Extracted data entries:
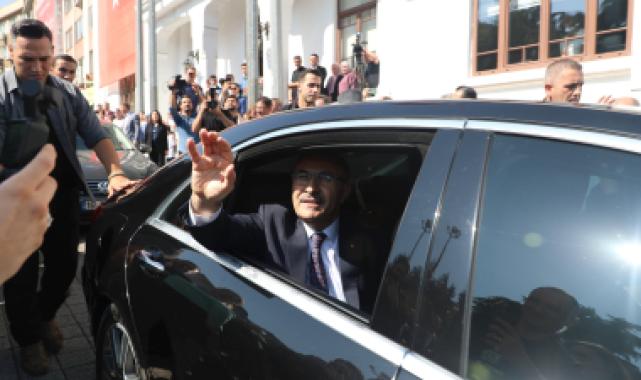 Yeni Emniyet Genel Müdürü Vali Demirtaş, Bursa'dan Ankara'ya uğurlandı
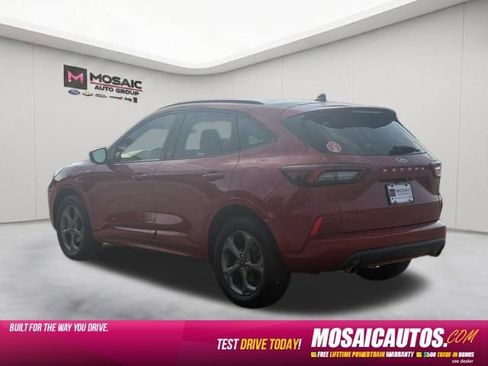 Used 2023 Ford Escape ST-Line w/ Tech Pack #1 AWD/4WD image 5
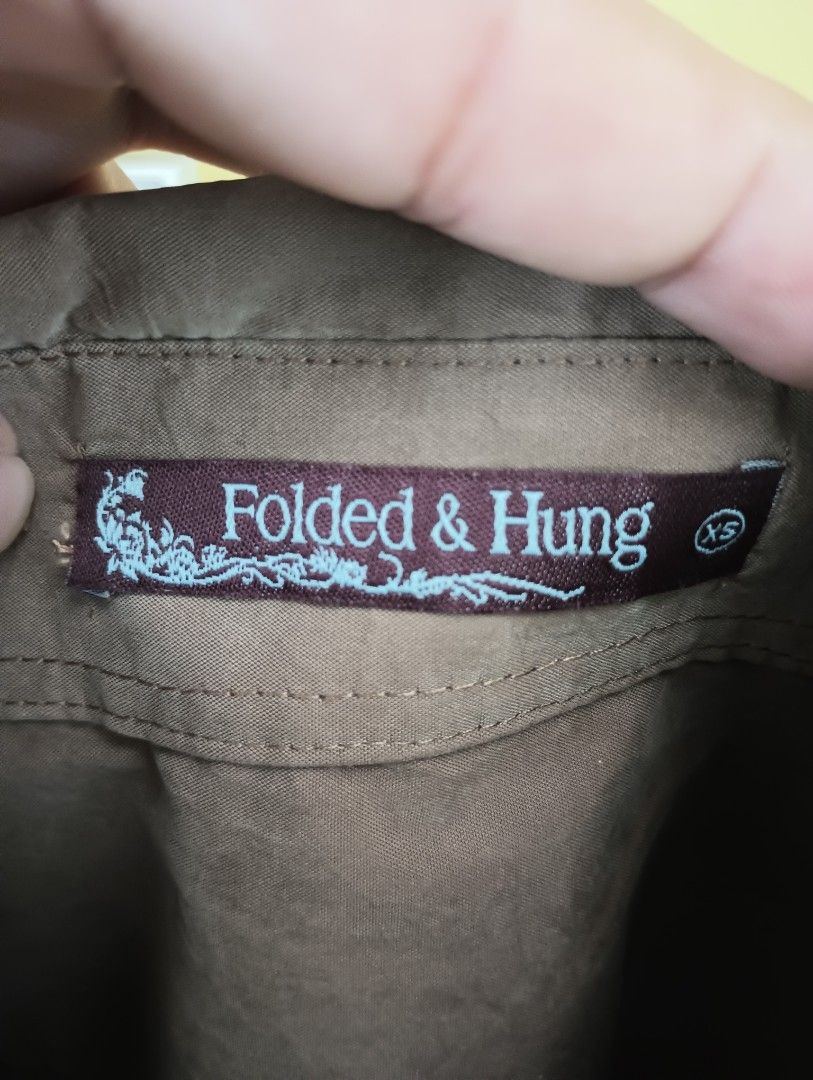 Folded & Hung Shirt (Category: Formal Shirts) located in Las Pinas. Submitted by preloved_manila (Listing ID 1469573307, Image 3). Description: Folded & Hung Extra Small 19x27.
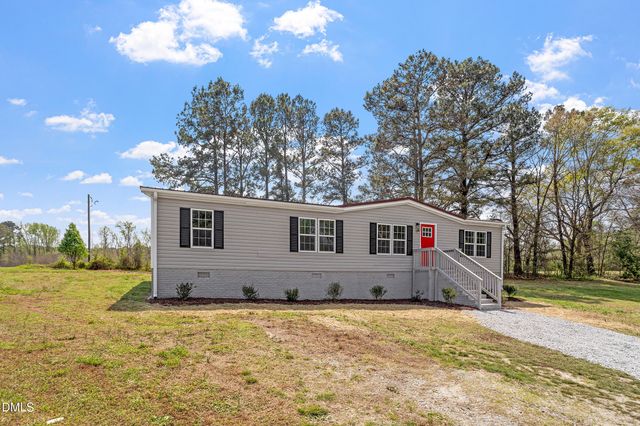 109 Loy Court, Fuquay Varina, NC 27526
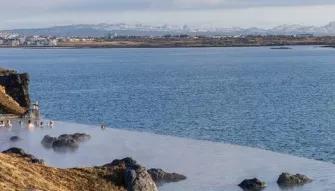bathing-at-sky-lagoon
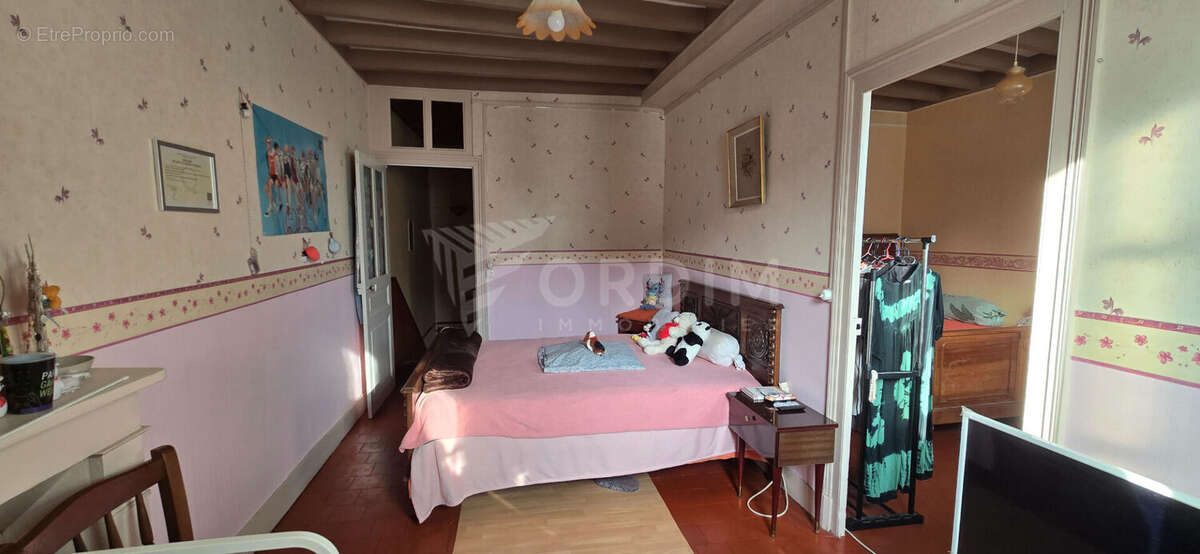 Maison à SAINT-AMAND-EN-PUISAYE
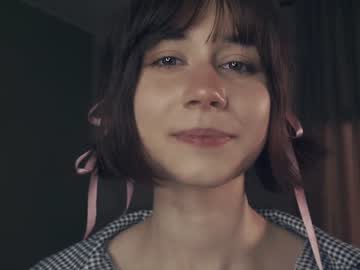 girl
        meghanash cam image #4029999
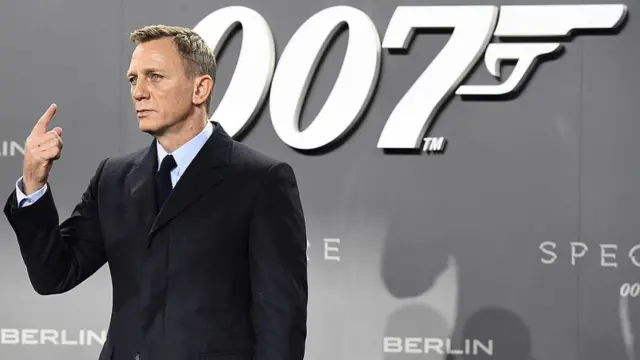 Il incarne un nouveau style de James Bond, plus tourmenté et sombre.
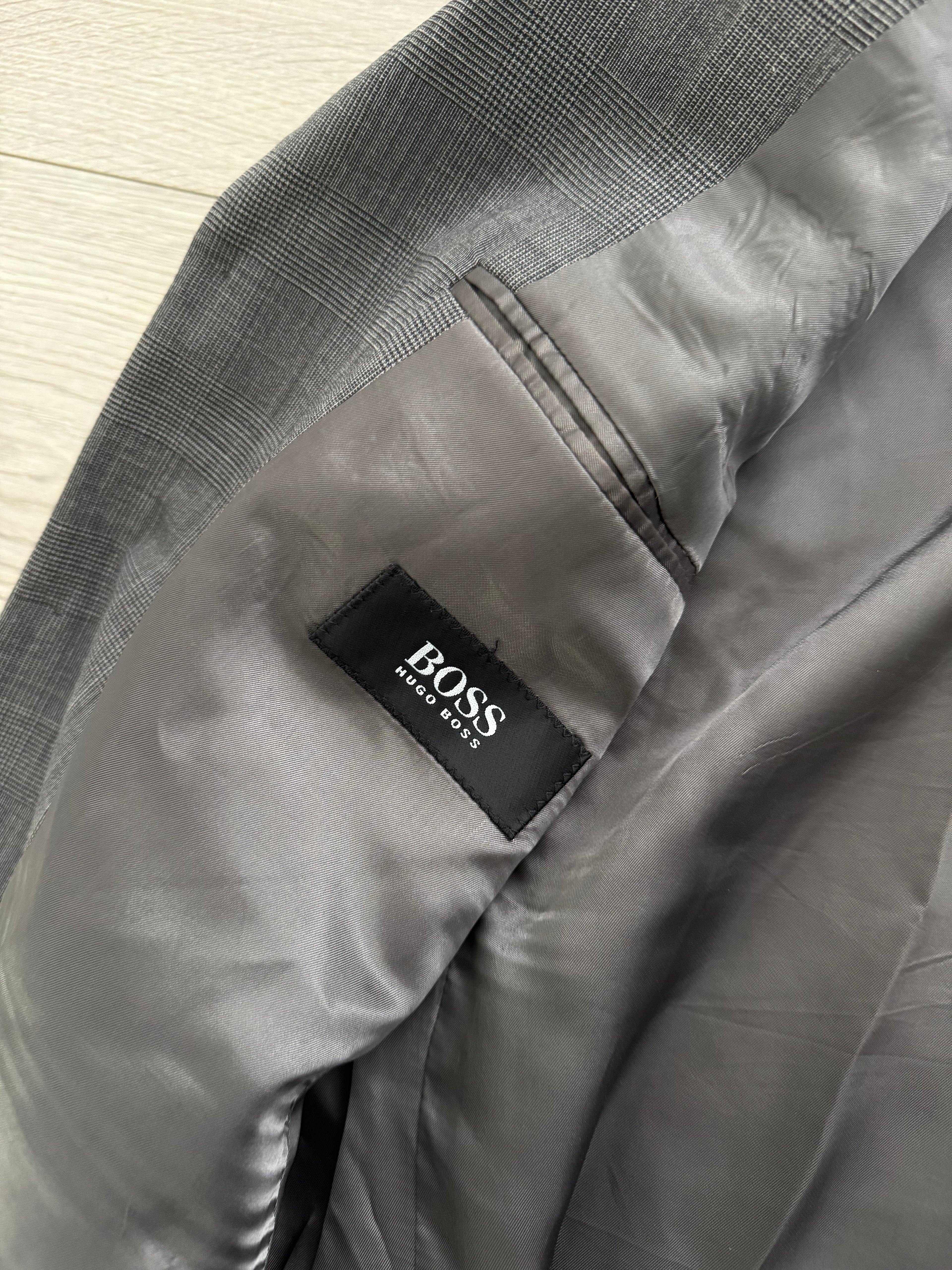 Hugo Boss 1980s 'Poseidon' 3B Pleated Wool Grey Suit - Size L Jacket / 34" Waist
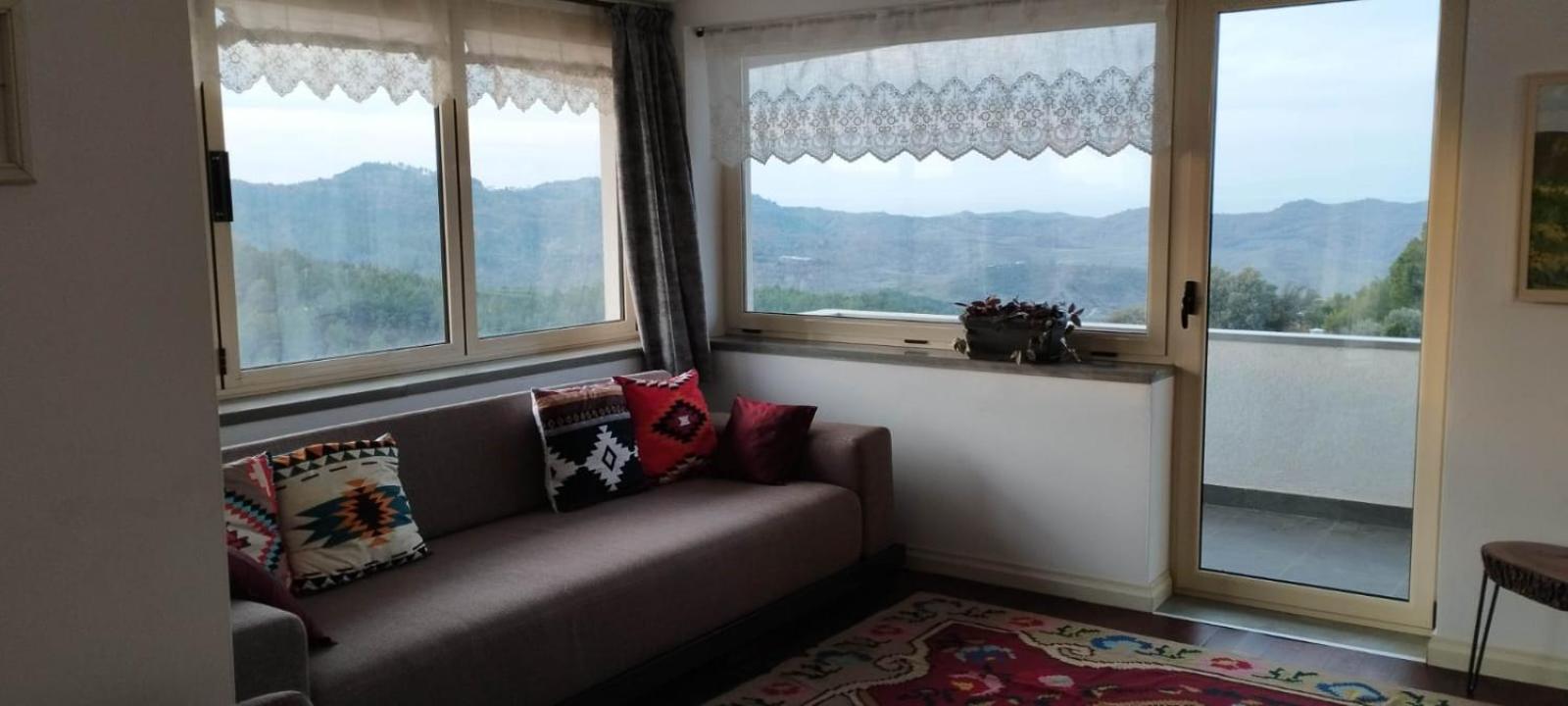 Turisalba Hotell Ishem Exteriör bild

> Problem details
Transcribe each entry above without alteration, but keep the pictures out.

> Output for this task
 Yeni Emniyet Genel Müdürü Vali Demirtaş, Bursa'dan Ankara'ya uğurlandı
 Used 2023 Ford Escape ST-Line w/ Tech Pack #1 AWD/4WD image 5
 Folded & Hung Shirt (Category: Formal Shirts) located in Las Pinas. Submitted by preloved_manila (Listing ID 1469573307, Image 3). Description: Folded & Hung Extra Small 19x27.
 109 Loy Court, Fuquay Varina, NC 27526
bathing-at-sky-lagoon
 Maison à SAINT-AMAND-EN-PUISAYE
 girl
        meghanash cam image #4029999
 Il incarne un nouveau style de James Bond, plus tourmenté et sombre.
 Hugo Boss 1980s 'Poseidon' 3B Pleated Wool Grey Suit - Size L Jacket / 34" Waist
 Turisalba Hotell Ishem Exteriör bild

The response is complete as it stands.